Ricky Ponting is the Kristina Keneally of sport

28th March, 2011
1471 Reads

Ricky Punter PontingRicky ‘Punter’ Ponting may be more likely to study a form guide than a poll result but he can learn a thing of two from the NSW election, because he is a lot like the Kristina Keneally of Australian sport.

For the benefit of overseas readers or those who refuse to read anything but the back page of the paper, the NSW ALP government has just been swept from power after 16 years.

It happened within a few days of Ricky Ponting declaring he’s never really thought about retirement. Within 36 hours of that statement, his team was bundled out of the one-day world championship. They were the defending champions.

It’s hard not to see similarities with NSW Labor’s routing.

Ask Kristina, Ricky – some choose retirement and some have retirement thrust upon them. Why would either of them even want their jobs anymore?

It’s a hiding to nothing. Only pain and disappointment lie ahead. No possibility of new highs, and inevitable lows.

The Premier led a disintegrating government, taking New South Wales from ‘The Premier State’ to a consistent underperformer.

Ponting too, captained the tail-end of one of the greatest eras of Australian cricket but now presides over an Australian team that is neither swashbuckling nor gritty, neither exciting not workmanlike.

Both have expressed very public irritation with their team. Both have given the impression that the stress of being the head of an organisation in decline is no fun.
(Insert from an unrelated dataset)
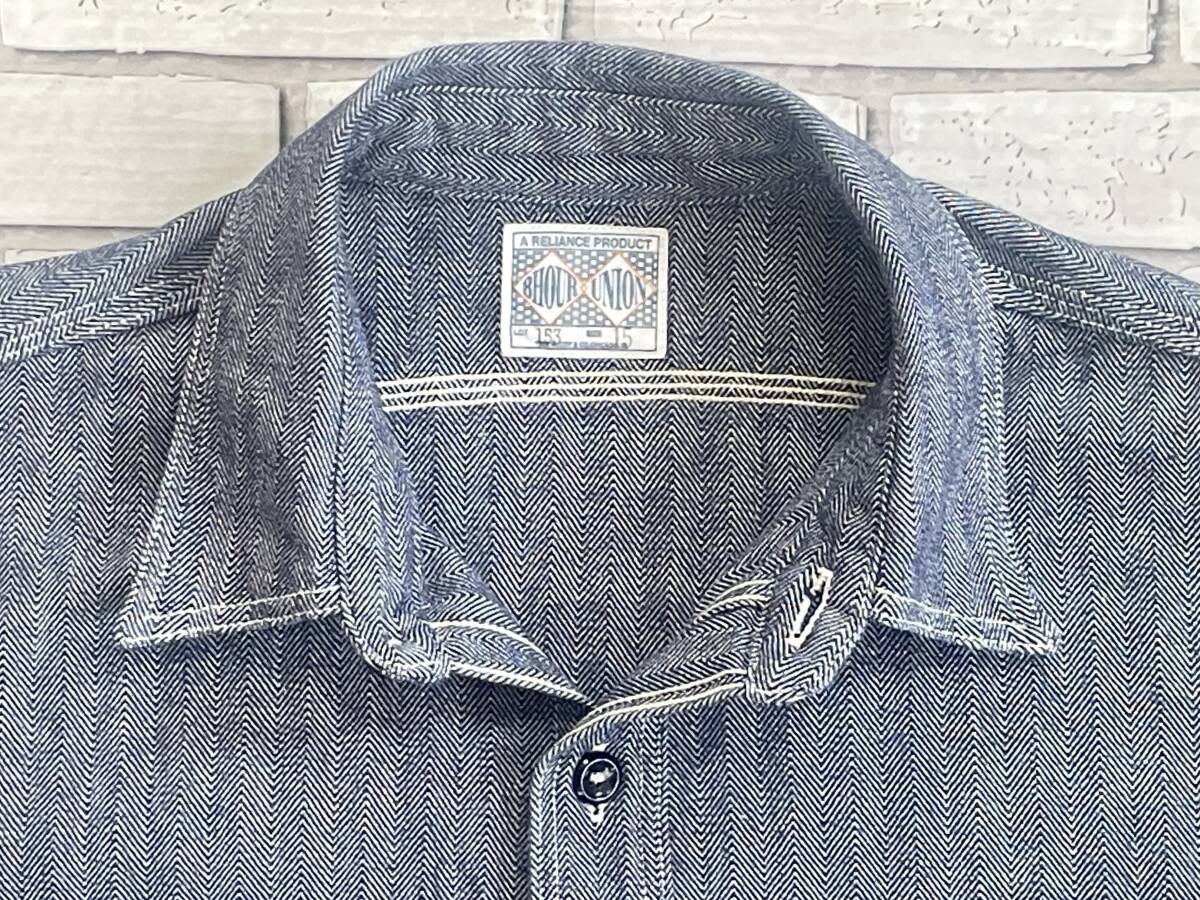 ＵＳＥＤ　リアルマッコイズ　THE REAL McCOY'S　8HOUR UNION　長袖ワークシャツ　ヘリンボーン　サイズ１５　LOT153　JOE McCOY_画像3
And both vowed to fight on, regardless.

Don’t get me wrong, I’d have either of them on my team. Local member or number three batsmen, you’d go a distance to find any better.

And in a different time, under a different set of circumstances, they could have been, perhaps they were, great leaders. But we cannot judge that accurately in this moment of darkness.
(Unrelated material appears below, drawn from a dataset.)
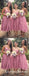 Dusty Rose Spaghetti Strap Sleeveless A Line Lace Bridesmaid Dresses, QB0675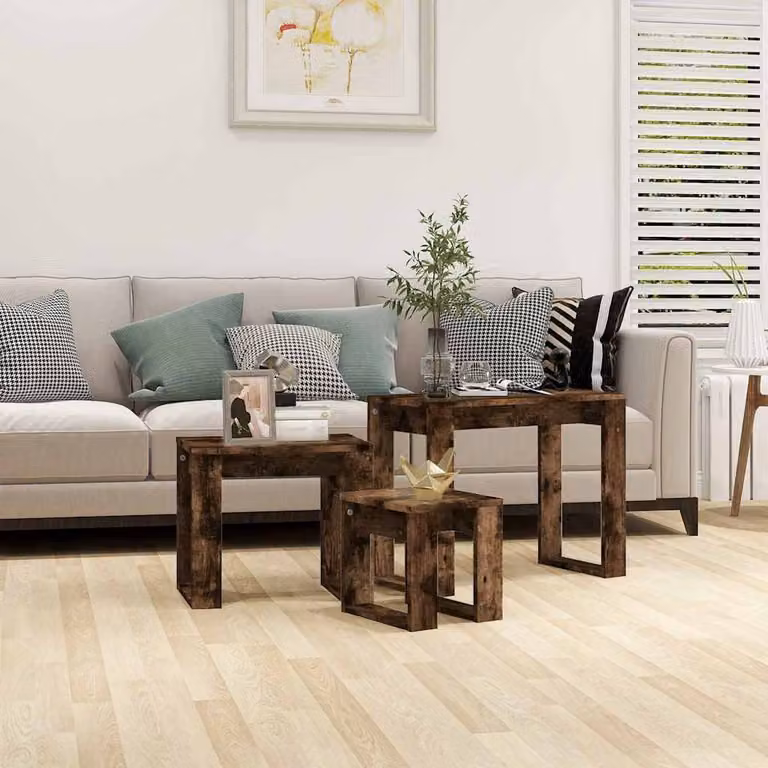 Set di 3 tavolini impilabili vidaXL in legno multistrato e MDF, colore rovere fumo, design moderno per soggiorno o camera da letto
So despite the fact both hung in there, smiling unconvincingly and living in denial, their time is over.

I guess you could hang around indefinitely on the backbenches (as Kristina will) or somewhere in the batting lineup (as Ricky has indicated), but frankly that’s undignified.

For a politician, there ultimately comes a time when the decision ceases to become yours. KK just found that out, and how.
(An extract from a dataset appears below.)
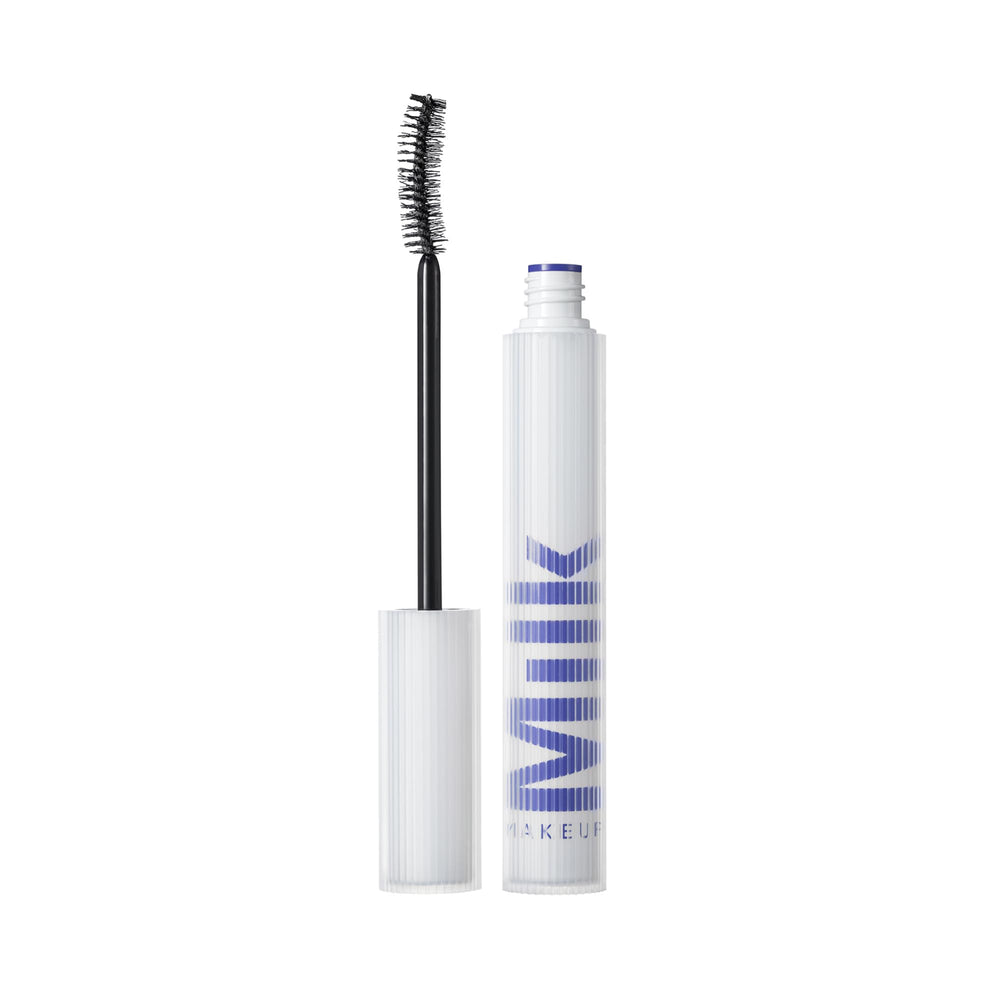 Milk Makeup RISE Waterproof Mascara lifts lashes for natural definition and curl.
The captaincy of the Australian cricket, as the mythology asserts, is second only the Prime Minister as this nation’s most respected role.

After seeing some of the disrespect at this week’s carbon tax rally, Punter may actually have Australia’s highest office.


So it, and we, deserve more respect than the irritated fly-swat answers that constitute a Ponting press conference these days.

He can barely contain his disdain for the process and yet sits there, without a hint of irony, and says he hasn’t pondered his future.

Ricky, be very happy you are not in an elected office, because if you were, you would be very susceptible to swing.

The electors are pondering your future and in their vision, even if you are not, and if they had a say you wouldn’t have to worry about field settings and annoying teammates and media.

Punter, if the cricket lovers I know went to the polls, you’d be swept from power. Like Kristina Keneally, your tenure would no longer be fodder for the papers but for the historians.

And Michael Clark would claim your office and begin an era full of news ideas and new promise.

Mounting an argument that Michael Clark is analogous to Barry O’Farrell… well, that may prove a little harder.

But time will tell.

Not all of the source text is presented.